The House-Museum Toms Morales pays tribute to the legacy of Agustn Espinosa - La Provincia

The House-Museum Toms Morales pays tribute to the legacy of Agustn Espinosa - La Provincia

The Tomás Morales House-Museum, in collaboration with the Insular Library of Gran Canaria, opens on February 21 at its headquarters located in the municipality of Moya, at 11.00, the bibliographic exhibition The literary production of Agustín Espinosa, which will show the creative trajectory of one of the most original and important voices of our lyrics, and that, from his masterpiece Crime, published in 1934, it is consecrated as one of the main executors and representatives of French surrealism in Spain.

Said exhibition, promoted within the framework of Canarian Letters Day 2019, which the Government of the Canary Islands dedicates to the figure of Agustín Espinosa (Puerto de la Cruz, 1897 - Los Realejos, 1939), is divided into four sections in which exposes, in the first place, the works of Agustín Espinosa and the compilation of scattered and unpublished texts (active bibliography); secondly, works on the mentioned author (passive bibliography written by Luis Alemany, Maximiano Trapero, Pérez Corrales, Antonio Becerra or Fernández Agis, among others; in third place, facsimiles, magazines and catalogs; and finally, dedicated books of his personal library and documents of different nature.

The bibliographic exhibition The literary production of Agustín Espinosa It will be exhibited at the Tomás Morales de Moya House-Museum until March 31, and can be viewed with free admission, from Tuesday to Sunday, from 10 a.m. to 6 p.m. Parallel to the aforementioned exhibition is organized from February 21 to March 29 the didactic workshop called In praise of the camel with plow, where the students, through this text in prose of Agustín Espinosa, collected in the work Lancelot 28º-7º of 1929, will know how this singular animal of peculiar characteristics, during centuries, was the most useful tool of the islanders, especially of those of Lanzarote and Fuerteventura.

Versatility, avant-garde experimentation and the incorporation of new aesthetics to its scandalous style, they define the creative trajectory of Agustín Espinosa as one of the most original and important voices of our lyrics. Crime, that appeared at the end of 1934, consecrates it. Its publication started from the supposed automatism and irrationals of the group composed by Óscar Domínguez, Westerdahl and Pérez Minik (the so-called Spanish surrealist faction of Tenerife), and supposed a turn in the peaceful provincial cultural life of the Canary Islands. Qualified then of scandalous, many of his copies would be burned publicly and causes that Espinosa even loses his chair of institute like retaliation, as well as a recrudescence of the duodenum ulcer that kills him to the 41 years.
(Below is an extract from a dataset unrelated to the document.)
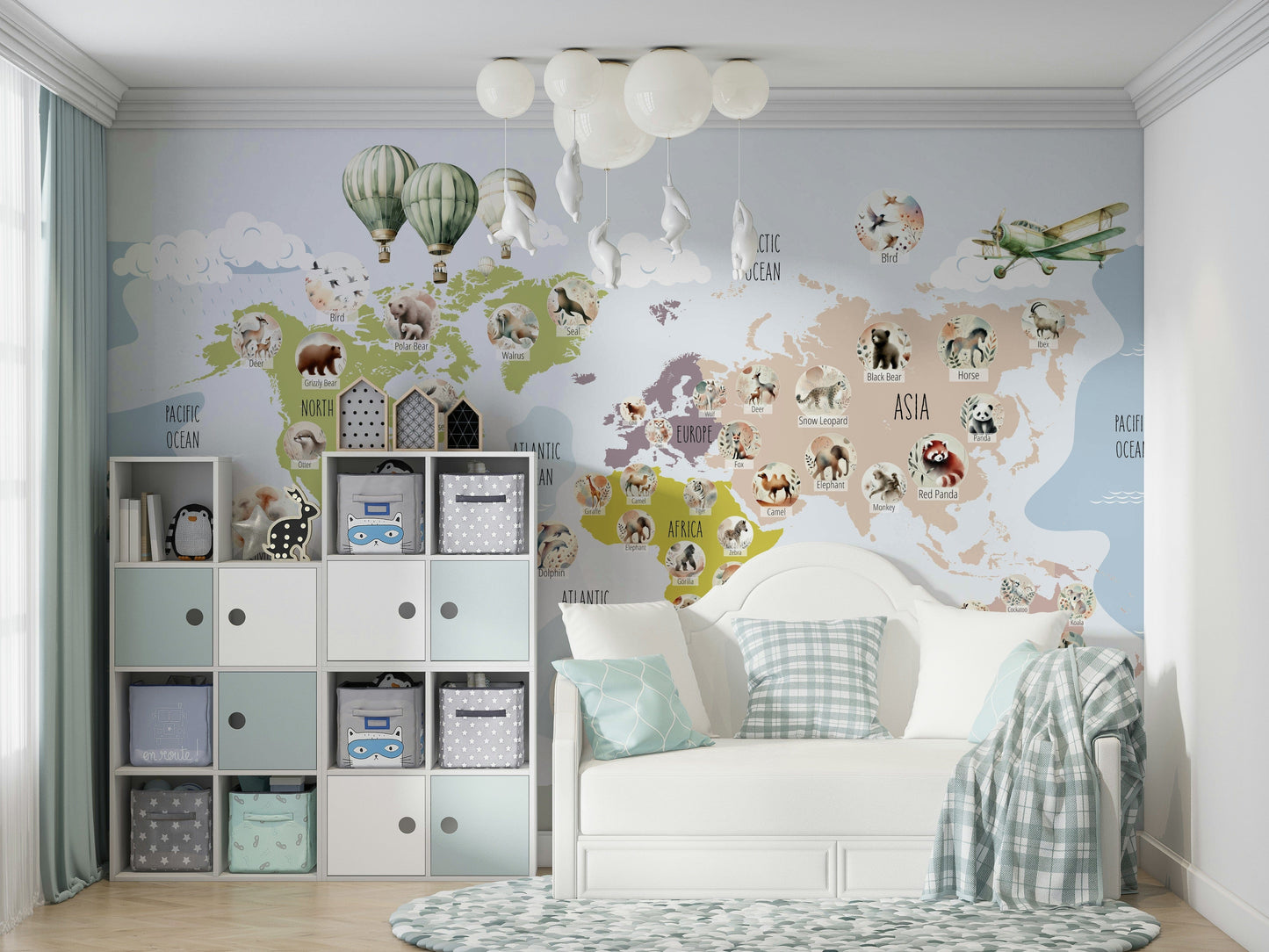Whimsical Animal World Map kids room decor wallpaper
Espinosa was one of the main promoters of the Second Surrealist Exhibition of Tenerife, in 1935, where he was in charge of improvising the translation of the central conference of Andre Bréton. He resided in four of the seven Canary Islands, and his defense at all costs of universalism and enlightened thought ("Deepening the depth of one's own inevitably leads to centers of generality, never narrow streets of particularization," he wrote) did not prevent devotion to its original rurality, as the poet Antonio Puente points out.
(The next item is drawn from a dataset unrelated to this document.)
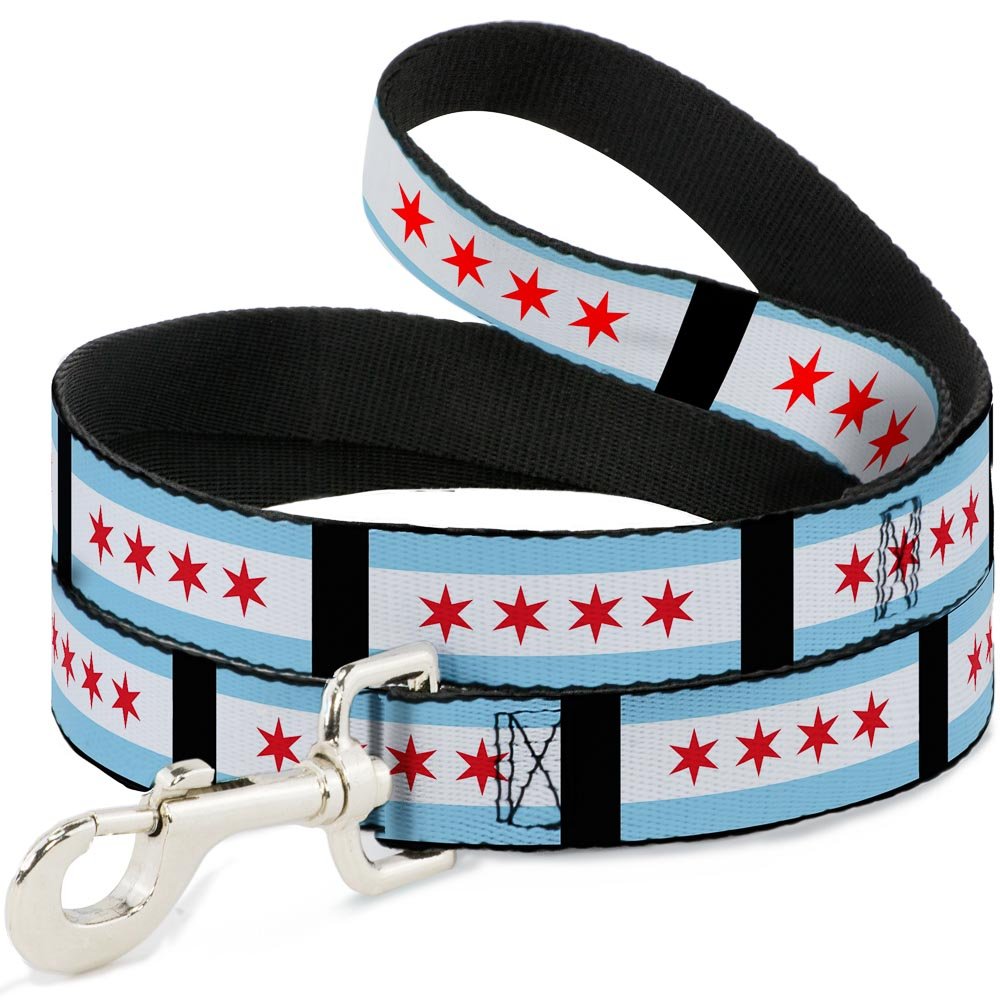 Dog Leash Chicago Flags Black 4 Feet Long 0.5 Inch Wide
"His avant-garde spirit coexisted with the study of the Canarian ballads, and he was in time to fecundate the renewed literary airs with his exhaustive knowledge of the Spanish and French literary traditions. Agustín Espinosa was a regular contributor to La Gaceta Literaria -in whose pages he published the first fragments of Crime-, and during his doctorate years in Madrid he frequented the gatherings of Ramón Gómez de la Serna at Café Pombo, "explains Puente.